The found sounds from Apollo 17 - Nasa's last manned mission to the moon (so far) - gave us real voices from the past (in this case, 1973), a time when astronauts provide the template for modern day heroes, real-life supermen pointing the way to a bright future. Of course, that's not how it turned out but it was a nice dream while it lasted. 

Ali Mitchell

Tony Hodge

'So, here we are...'

 

When a project takes time and people are scattered and circumstances push the timeline again and again, it helps to have a rallying point, somewhere to bring all the parts together. Our rallying point was The Depot Studio where we experimented, recorded, mixed and mastered and where our engineer/producer/amp guru Craig Ross put up with seemingly endless delays and rethinks. Thanks Craig!         

But over such a long time it was perhaps inevitable that not everyone could be part of this latest chapter. Family commitments meant that Kenny Haig, our front man and friend over the first 3 albums, couldn't make this set.

 

Stepping in and putting his stamp on the CM sound is LA-based vocalist Randall Thomas.

James Campbell

James is only one of several guests on these recordings, each of whom brings their own signature sound to Lost:Time

 

James Pulli (Metal Hall of Fame inductee with Impellitteri) delivered pounding bass on Shadows of our Good Intentions;

 

Larry Saltzman played all manner of percussion on Second Star;

 

Miriam Speyer gave us vocal layerings on Shadows of our Good Intentions

 

and Richard John Curran performed strings on Lost:Time.
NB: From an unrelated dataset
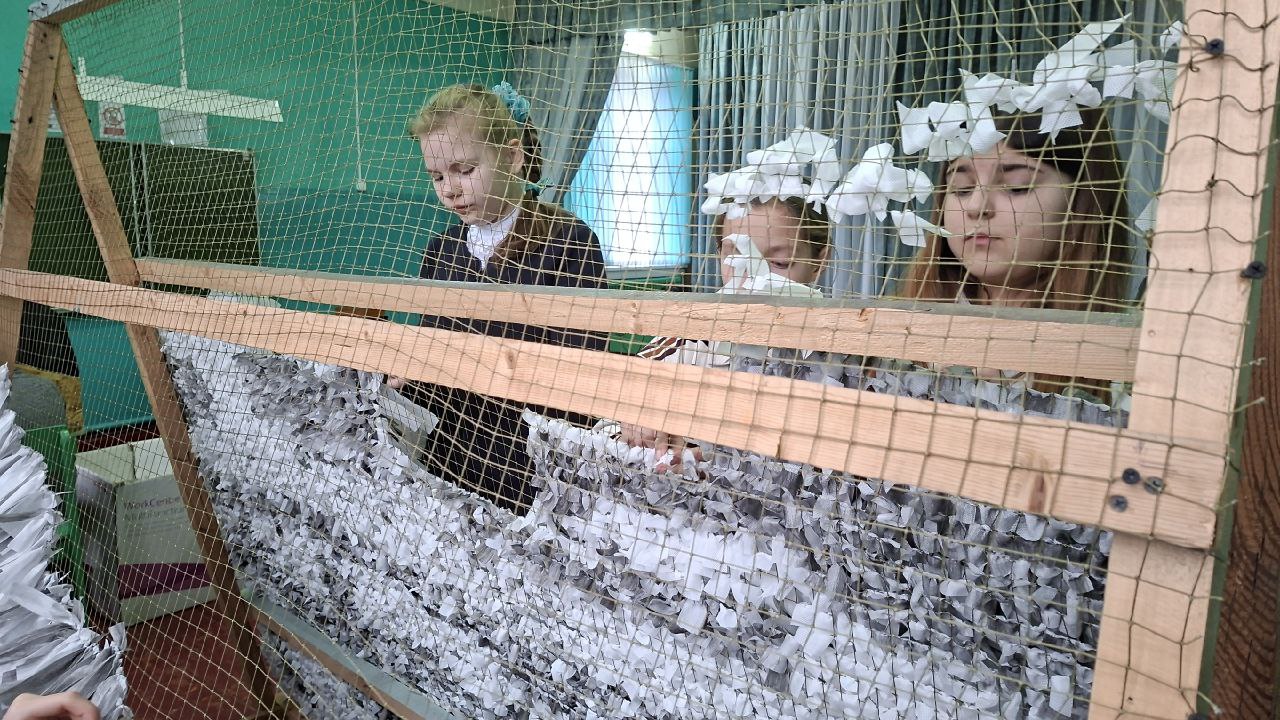 Ещё о волонтёрстве. Волонтёры — это активные граждане, которым не безразлична судьба страны и окружающих Ещё о волонтёрстве. Волонтёры — это активные граждане, которым не безразлична судьба страны и окружающих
The concept of looking back to understand our way forward emerged in the lyrics and the music: vintage keyboard tones, '80's-style twin guitar harmonies and even hair metal yells are pointers to the past, leaving no doubt as to the album's pedigree.

 

But nostalgia is a cul-de-sac and nods to the past needed to be balanced out with more modern elements. Electronics and found sounds featured in previous Crooked Mouth releases (both Hold in the Sun and One Bright Midnight) and they once again play a part here, along with modern metal vocal stylings and the enigmatic 'Space Goats'.

Mike McCann

Leen

And it was to NASA that we looked for the inspiration for the album art.

 

Here's our astronaut braving a desolate, primitive environment. Anyone familiar with the science fiction movies of the 1960s or '70s will perhaps see the call back to the opening sequence of Planet of the Apes as Charlton Heston and his companions battle their way across a desert landscape, lost yet still heroic.       

It's fair to say that each Crooked Mouth release has been subtly different from the last and the same can be said for Lost:Time. Those differences reflect the interests, influences and evolving tastes of the contributors, old and new. And so, to close, let me set your expectations by borrowing from the closing track: this time won't be the same - I promise.